Hotfoot 27

Development
- Designer: Doug Hemphill
- Location: Canada
- Year: 1981
- Builder: Hotfoot Boats
- Name: Hotfoot 27

Boat
- Displacement: 3,600 lb (1,633 kg)
- Draft: 5.50 ft (1.68 m)

Hull
- Type: Monohull
- Construction: Fibreglass
- LOA: 27.00 ft (8.23 m)
- LWL: 22.00 ft (6.71 m)
- Beam: 9.33 ft (2.84 m)
- Engine: Outboard motor

Hull appendages
- Keel: fin keel
- Ballast: 1,500 lb (680 kg)
- Rudder: transom-mounted rudder

Rig
- Rig type: Bermuda rig
- I foretriangle height: 29.08 ft (8.86 m)
- J foretriangle base: 9.75 ft (2.97 m)
- P mainsail luff: 31.50 ft (9.60 m)
- E mainsail foot: 13.00 ft (3.96 m)

Sails
- Sailplan: Fractional rigged sloop
- Mainsail area: 204.75 sq ft (19.022 m^{2})
- Jib/genoa area: 141.77 sq ft (13.171 m^{2})
- Total sail area: 346.52 sq ft (32.193 m^{2})

Racing
- PHRF: 147 (average)

= Hotfoot 27 =

Sailboat class

The Hotfoot 27 is a Canadian sailboat that was designed by Doug Hemphill as racer-cruiser and first built in 1981.

==Production==
The design was built by Hotfoot Boats in Canada, but the company is no longer in business and the boat design is now out of production.

==Design==
The Hotfoot 27 is a recreational keelboat, built predominantly of fibreglass, with wood trim. It has a fractional sloop rig, a raked stem, a vertical transom, a transom-hung rudder controlled by a tiller and a fixed fin keel. It displaces 3600 lb and carries 1500 lb of ballast.

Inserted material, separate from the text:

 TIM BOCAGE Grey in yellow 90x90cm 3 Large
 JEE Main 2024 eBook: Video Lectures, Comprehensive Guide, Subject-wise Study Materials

The boat has a draft of 5.50 ft with the standard keel fitted. The fresh water tank has a capacity of 12 u.s.gal. The boat is normally fitted with a small outboard motor for docking and maneuvering. The motor is mounted in the starboard lazarette and can be swung up when not in use and the hull opening covered with a hatch.

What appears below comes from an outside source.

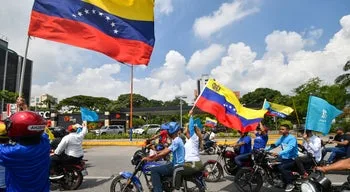 Prémio Nobel Maria Corina Machado confirmada como líder da oposição na Venezuela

The boat's galley is located on the starboard side. It includes a sink and a single-burner alcohol stove, which both slide under the cockpit for stowage. The head is a chemical type and is located forward, just aft of the bow "V"-berth, forward of the bulkhead. Additional sleeping space is provided in the cabin, with two berths. A chart table is located on the port side and also stows under the cockpit when not in use.

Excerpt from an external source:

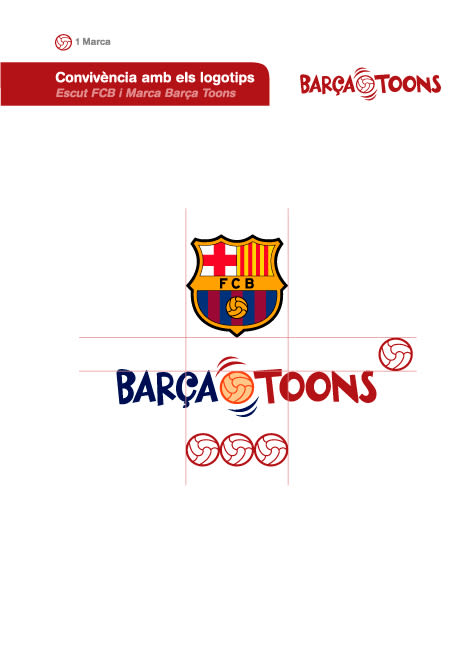 Barça toons (FC Barcelona cartoons) 3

Standard equipment includes a spinnaker and associated gear, an outboard motor bracket, headfoil (a headsail airfoil-shaped reinforcement) and a compass. The boat's controls all can be actuated from the cockpit and include internally-mounted halyards. The cockpit has two genoa winches and two winches for the halyards. There is a 4:1 internal outhaul, an 8:1 boom vang and adjustable backstay and running backstays.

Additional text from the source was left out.